J’ai profité de l’occasion pour lui remettre aussi le projet sur la nouvelle organisation militaire de l’armée fédérale, ajoutant que je serais heureux de lui procurer de nouveaux renseignements sur le fusil Vetterli, s’il devait plus tard les trouver nécessaires. L’Empereur a répété combien ce don lui avait été précieux et m’a prié d’exprimer à mon gouvernement ses plus vifs remerciements. La conversation s’est continuée, après ces pourparlers sur le but véritable de ma visite, entre l’Empereur et moi, mais sur des questions qui ne présentent pas d’intérêt politique. Je l’ai touvé très bien portant, très gai et de très bonne humeur, de sorte que je l’ai quitté avec la pleine conviction que l’offre faite par le Conseil fédéral a fait la meilleure impression sur lui, ce qui du reste était déjà certain pour moi par suite du fait qu’il m’a reçu avec une promptitude si inaccoutumée, tandis que les audiences se font en général attendre plus de huit jours.
Si je devais recevoir de votre part, par suite du voeu exprimé dans ma dernière lettre, un document ou un renseignement ultérieur, je les transmettrais immédiatement à l’Empereur par l’intermédiaire de M. Lavalette.
M. Huber-Saladin s’est informé à plusieurs reprises si je n’avais pas encore reçu de vous une réponse à sa lettre confidentielle. Hier, il m’a ajouté qu’il irait dans tous les cas à Berlin comme l’un des délégués du comité français de la Société de secours, et qu’il partirait lundi soir. Une réponse ne lui parviendra donc ici à Paris, que si je la recevais lundi matin au plus tard.
Quant à la situation politique, il ne me reste rien à ajouter à ce qui est constaté par le dernier discours de M. Lavalette au Corps législatif.

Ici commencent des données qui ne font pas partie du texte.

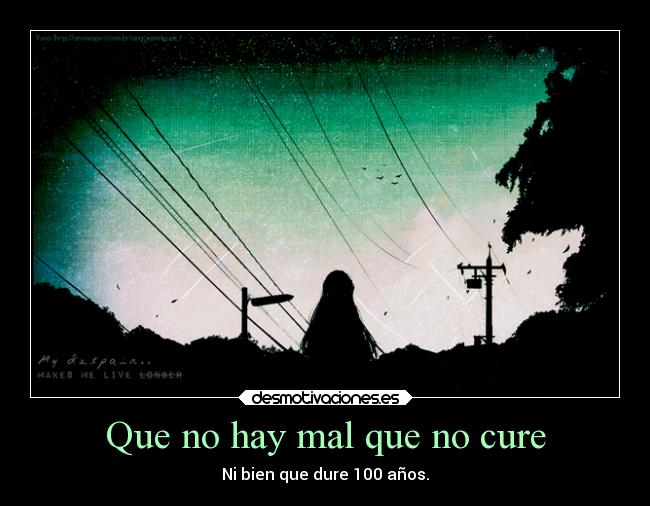 carteles sin desmotivaciones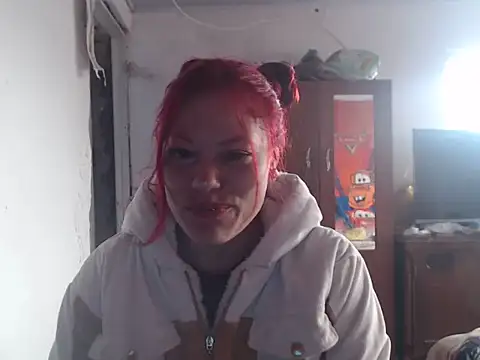 amber squirtsx online show from 07/02/26, 03:40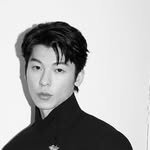 kuanghanhsu 프로필 사진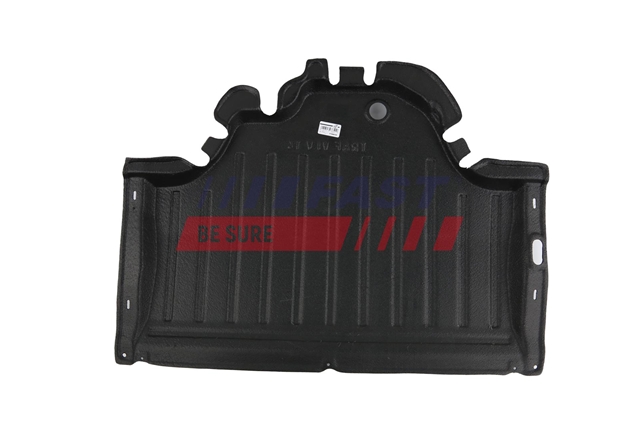 ACOPERIRE MOTOR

Il s’y est prononcé sur la question allemande, dans un sens pacifique, d’une manière plus explicite que cela n’a jamais eu lieu jusqu’à présent de la part du Gouvernement et de ses orateurs. Je ne mets pas en doute que cette manifestation n’exerce une influence très favorable sur les élections prochaines, car non seulement l’attitude qu’ont prise à cette occasion toute la Chambre et toutes les nuances politiques, mais aussi tout ce qu’on apprend des hommes qui connaissent les dispositions des départements, confirme à l’unisson combien la nation française désire le maintien de la paix.
Dans le Corps diplomatique, l’impression de ce discours a été des plus favorables et Lavalette, par le résultat de la conférence gréco-turque et par son premier discours politique, a eu évidemment au début de ses fonctions comme Ministre des Affaires Etrangères, un grand succès.
P. S. L’incident franco-belge concernant les traités sur les chemins de fer est aujourd’hui aussi éloigné de sa solution qu’au commencement lorsqu’il s’est soulevé. M. Frère-Orban avait cru pouvoir conjurer l’orage par une espèce de convention sur le trafic à diriger par la Direction de l’Est français sur le territoire belge. On m’a assuré que le Gouvernement français est très décidé à ne pas se contenter de cette solution, tandis que le Ministre belge s’est opposé positivement à une reconnaissance des traités conclus. Les prédictions des journaux officieux ont été aussi, à cette occasion, aussi prématurées qu’imprudentes, car plus on a chanté victoire à l’avance, plus il devient difficile de se contenter à présent des propositions de M. Frère-Orban, ce qui ne manquerait pas d’être interprété par l’opposition comme une véritable défaite de la diplomatie française.